**Work to complete**
Repeat the whole listing word for word, skipping pictures.

/---

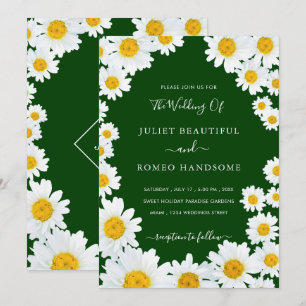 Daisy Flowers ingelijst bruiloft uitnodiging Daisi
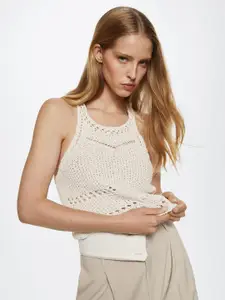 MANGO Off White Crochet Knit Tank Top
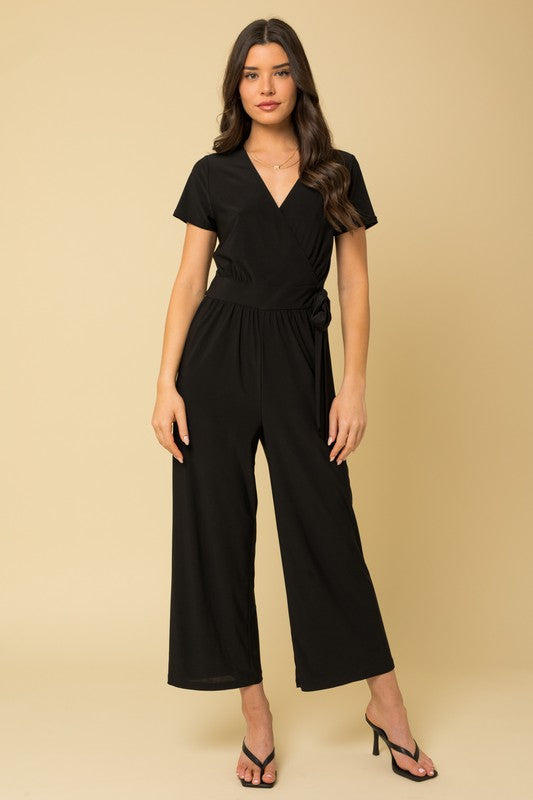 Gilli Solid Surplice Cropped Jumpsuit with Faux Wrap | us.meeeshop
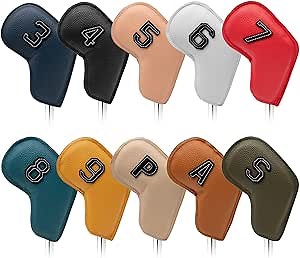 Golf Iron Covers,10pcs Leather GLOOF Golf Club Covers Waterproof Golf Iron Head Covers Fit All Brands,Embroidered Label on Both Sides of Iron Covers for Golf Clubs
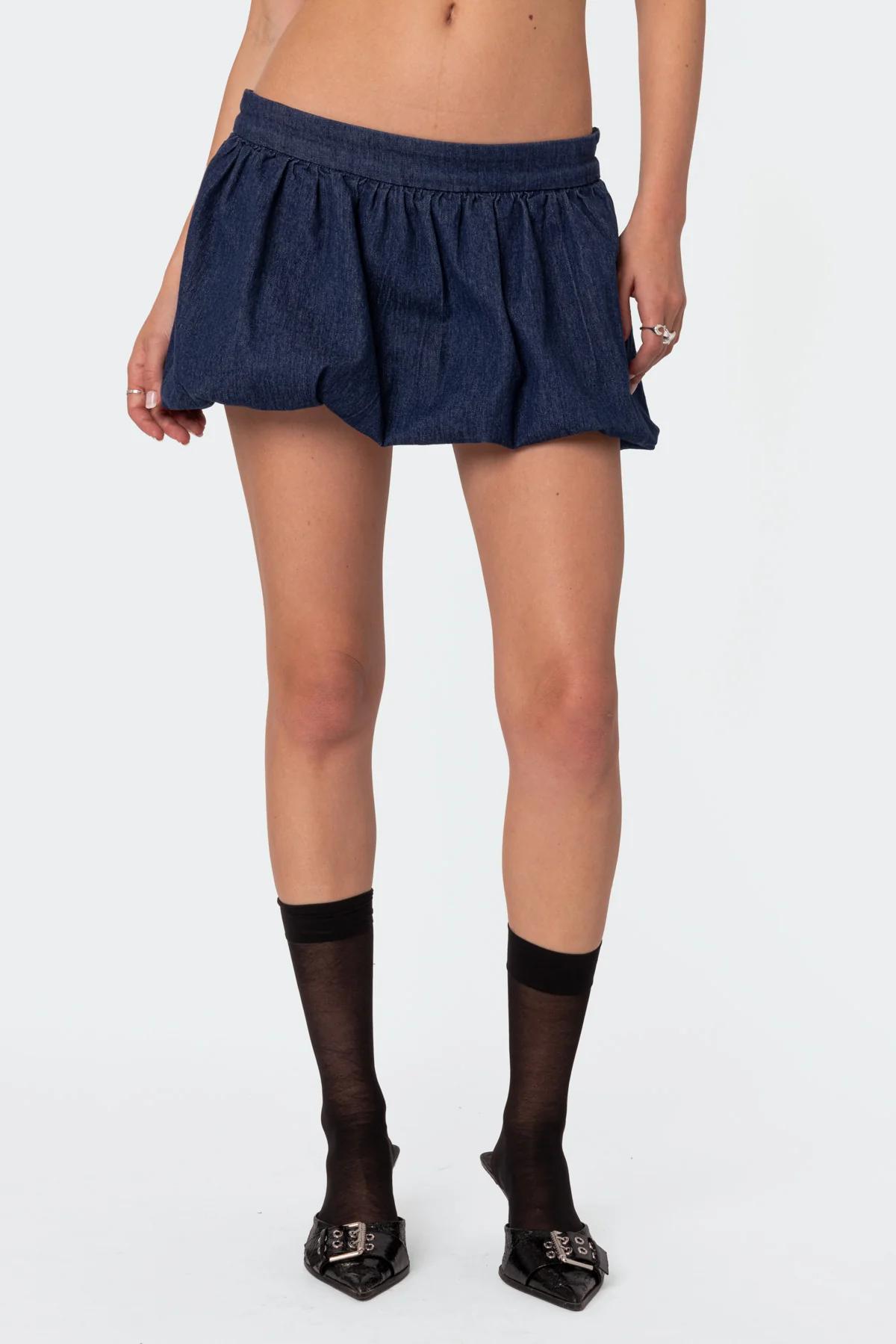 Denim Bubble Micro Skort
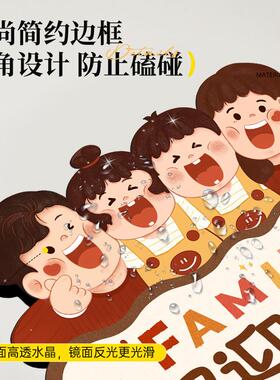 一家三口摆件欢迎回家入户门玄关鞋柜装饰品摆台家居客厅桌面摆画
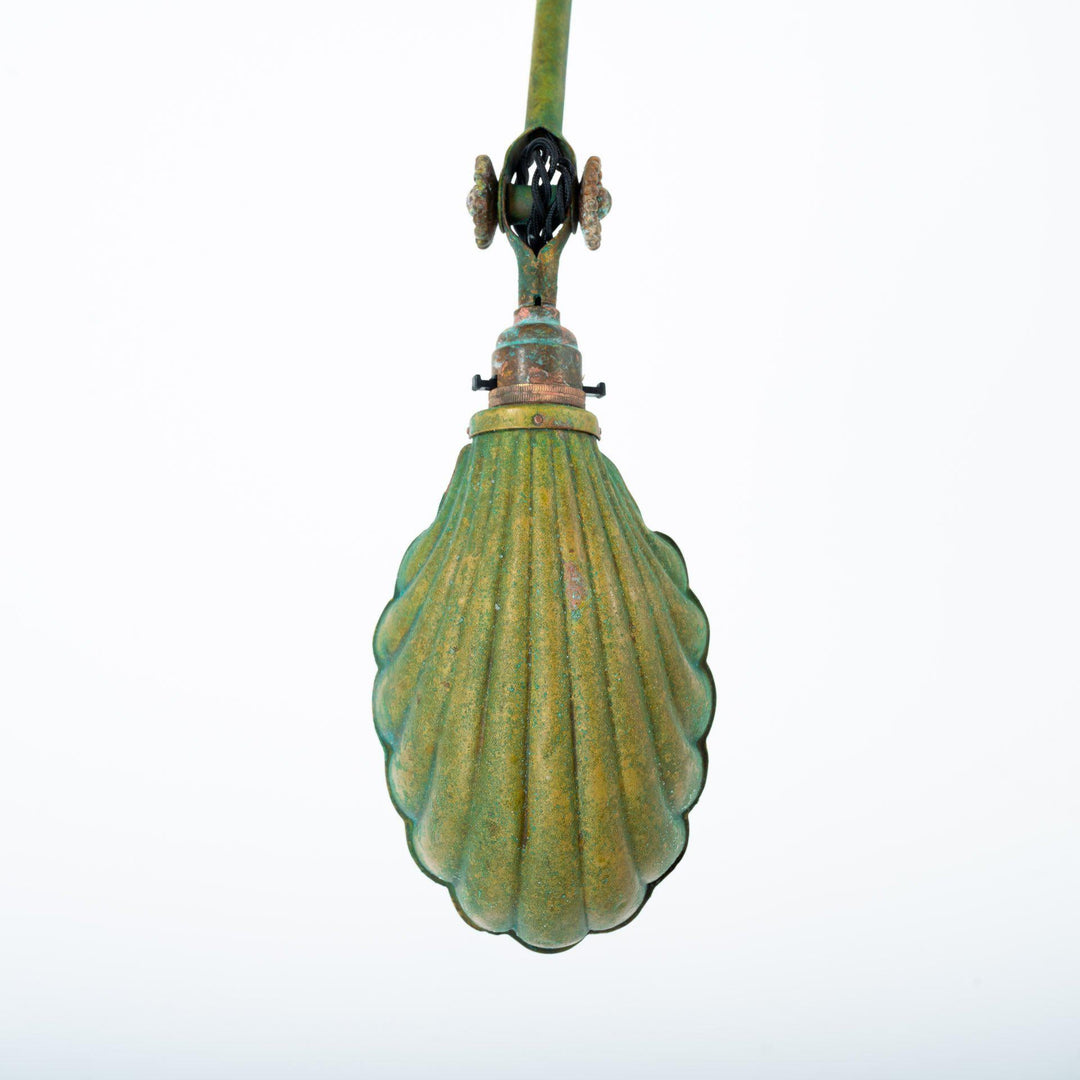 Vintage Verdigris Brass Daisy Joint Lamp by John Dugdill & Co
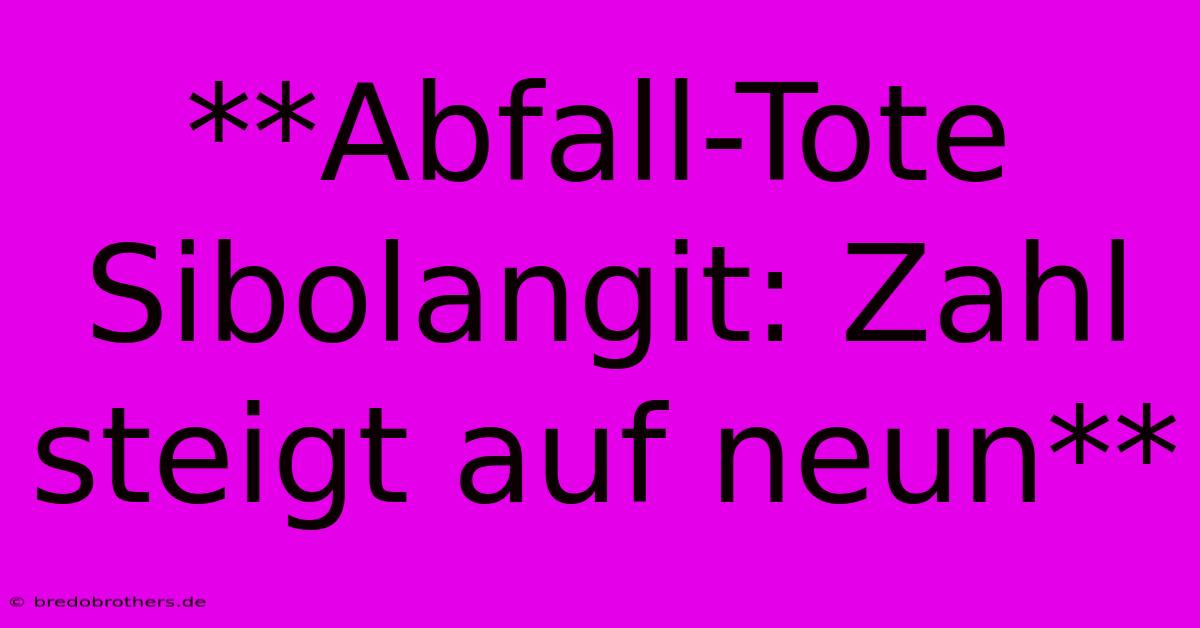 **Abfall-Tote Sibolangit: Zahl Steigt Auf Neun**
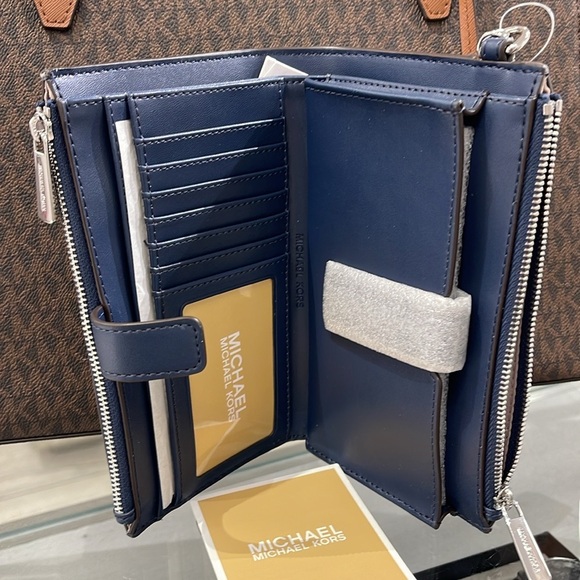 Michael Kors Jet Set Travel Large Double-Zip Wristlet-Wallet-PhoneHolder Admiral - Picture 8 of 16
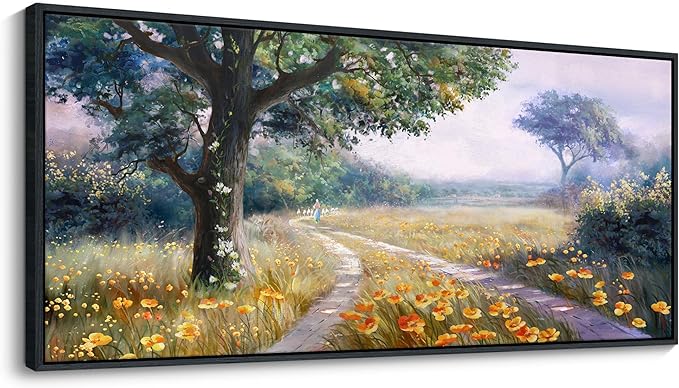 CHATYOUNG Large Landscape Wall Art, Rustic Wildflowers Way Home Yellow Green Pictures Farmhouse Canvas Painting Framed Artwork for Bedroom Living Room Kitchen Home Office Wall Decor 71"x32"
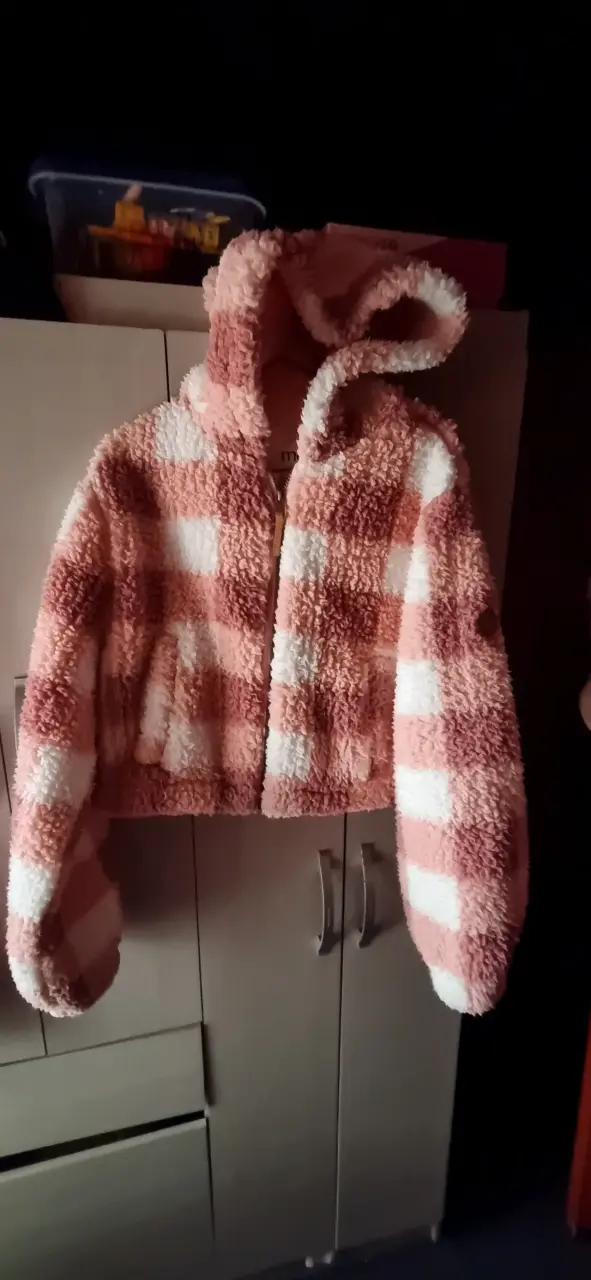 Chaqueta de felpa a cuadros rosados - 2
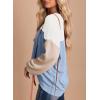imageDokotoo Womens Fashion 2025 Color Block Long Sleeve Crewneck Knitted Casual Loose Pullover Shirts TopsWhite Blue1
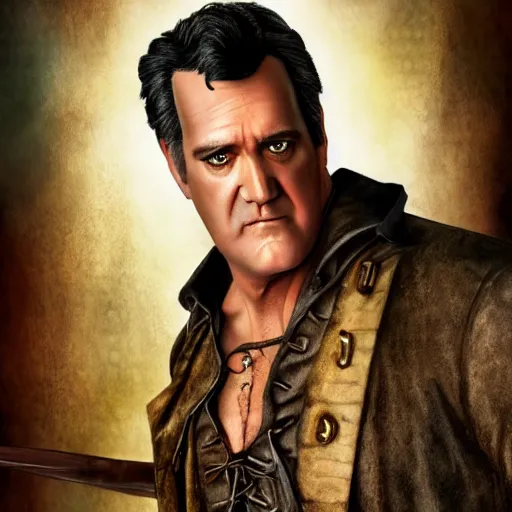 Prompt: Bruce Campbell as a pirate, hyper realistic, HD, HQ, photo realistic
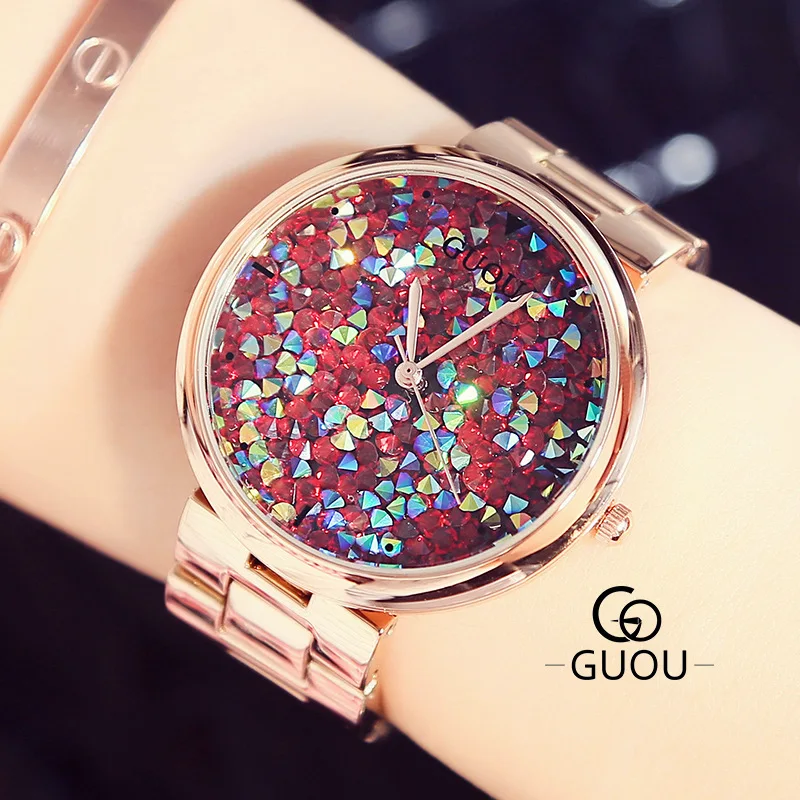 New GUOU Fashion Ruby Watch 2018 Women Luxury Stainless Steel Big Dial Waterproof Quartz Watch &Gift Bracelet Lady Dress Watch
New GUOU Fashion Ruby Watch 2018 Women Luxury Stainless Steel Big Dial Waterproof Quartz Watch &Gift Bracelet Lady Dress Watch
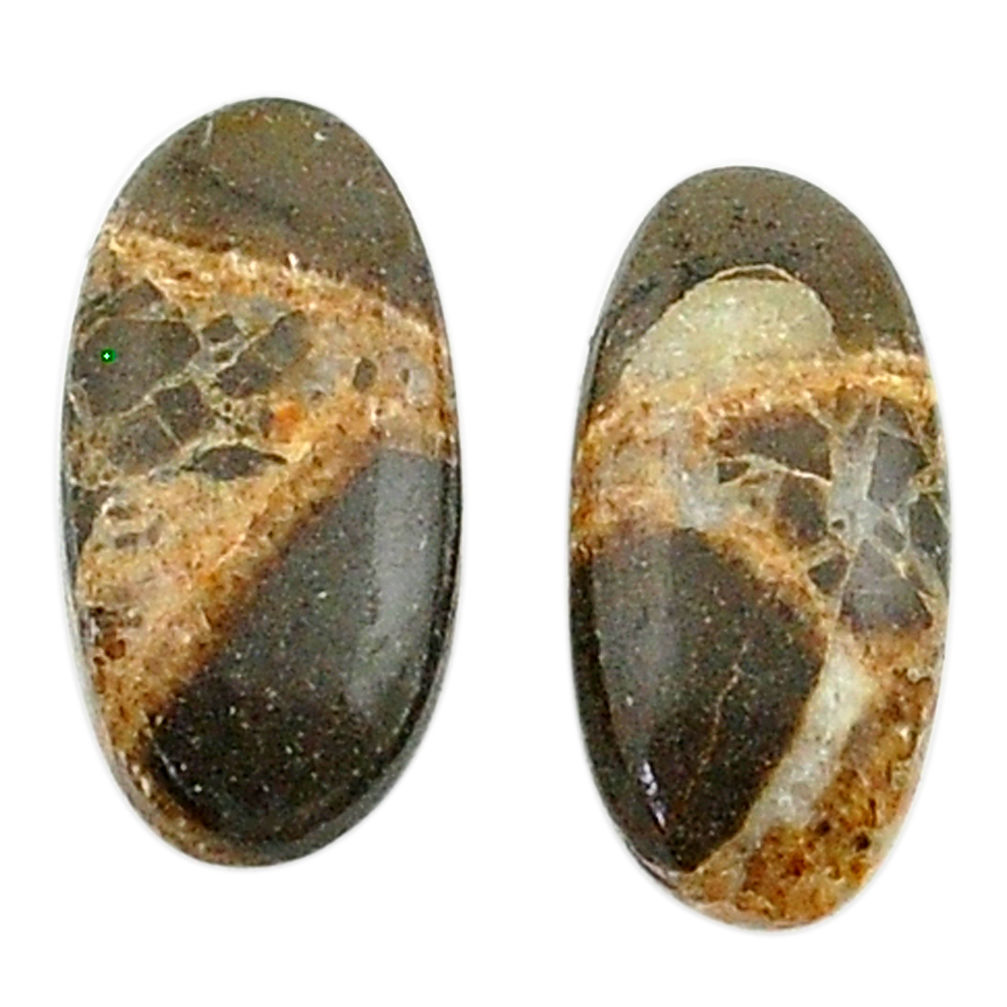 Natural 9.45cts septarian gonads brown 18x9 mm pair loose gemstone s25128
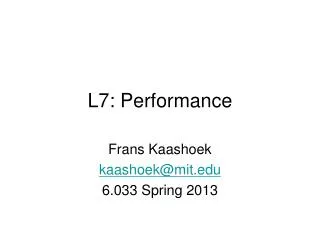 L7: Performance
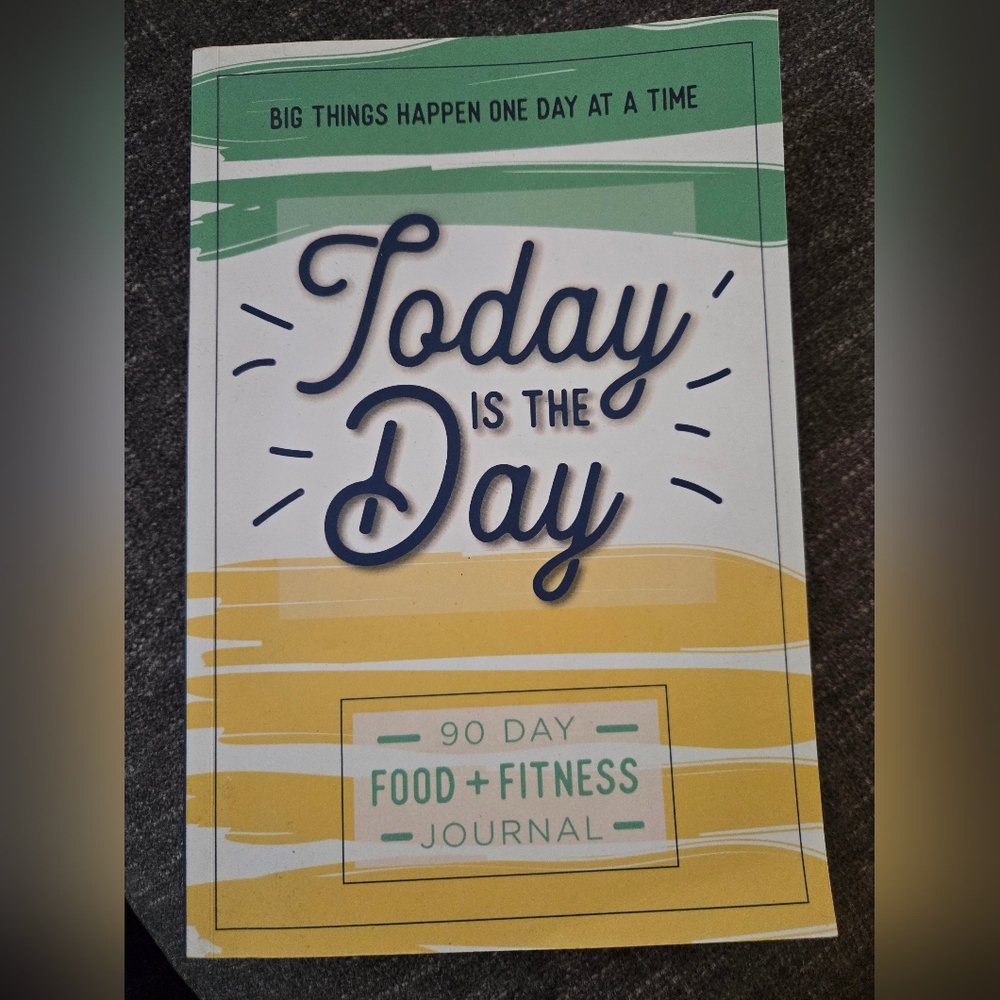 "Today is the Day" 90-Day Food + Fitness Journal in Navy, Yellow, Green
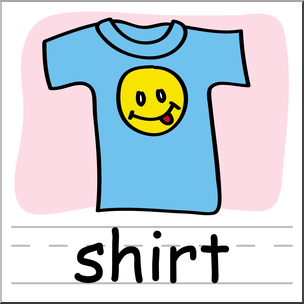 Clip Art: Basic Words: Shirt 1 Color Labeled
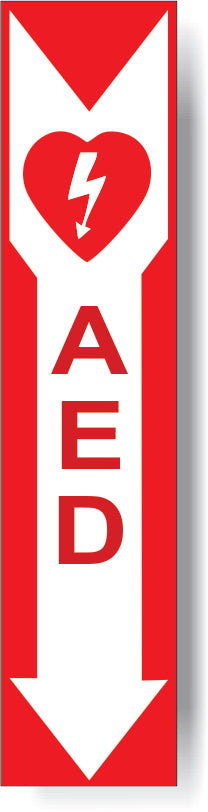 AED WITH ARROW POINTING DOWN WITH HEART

\---

**Result for this exercise**
 Daisy Flowers ingelijst bruiloft uitnodiging Daisi
 MANGO Off White Crochet Knit Tank Top
 Gilli Solid Surplice Cropped Jumpsuit with Faux Wrap | us.meeeshop
 Golf Iron Covers,10pcs Leather GLOOF Golf Club Covers Waterproof Golf Iron Head Covers Fit All Brands,Embroidered Label on Both Sides of Iron Covers for Golf Clubs
 Denim Bubble Micro Skort
 一家三口摆件欢迎回家入户门玄关鞋柜装饰品摆台家居客厅桌面摆画
 Vintage Verdigris Brass Daisy Joint Lamp by John Dugdill & Co
 **Abfall-Tote Sibolangit: Zahl Steigt Auf Neun**
 Michael Kors Jet Set Travel Large Double-Zip Wristlet-Wallet-PhoneHolder Admiral - Picture 8 of 16
 CHATYOUNG Large Landscape Wall Art, Rustic Wildflowers Way Home Yellow Green Pictures Farmhouse Canvas Painting Framed Artwork for Bedroom Living Room Kitchen Home Office Wall Decor 71"x32"
 Chaqueta de felpa a cuadros rosados - 2
imageDokotoo Womens Fashion 2025 Color Block Long Sleeve Crewneck Knitted Casual Loose Pullover Shirts TopsWhite Blue1
 Prompt: Bruce Campbell as a pirate, hyper realistic, HD, HQ, photo realistic
 New GUOU Fashion Ruby Watch 2018 Women Luxury Stainless Steel Big Dial Waterproof Quartz Watch &Gift Bracelet Lady Dress Watch
New GUOU Fashion Ruby Watch 2018 Women Luxury Stainless Steel Big Dial Waterproof Quartz Watch &Gift Bracelet Lady Dress Watch
 Natural 9.45cts septarian gonads brown 18x9 mm pair loose gemstone s25128
 L7: Performance
 "Today is the Day" 90-Day Food + Fitness Journal in Navy, Yellow, Green
 Clip Art: Basic Words: Shirt 1 Color Labeled
 AED WITH ARROW POINTING DOWN WITH HEART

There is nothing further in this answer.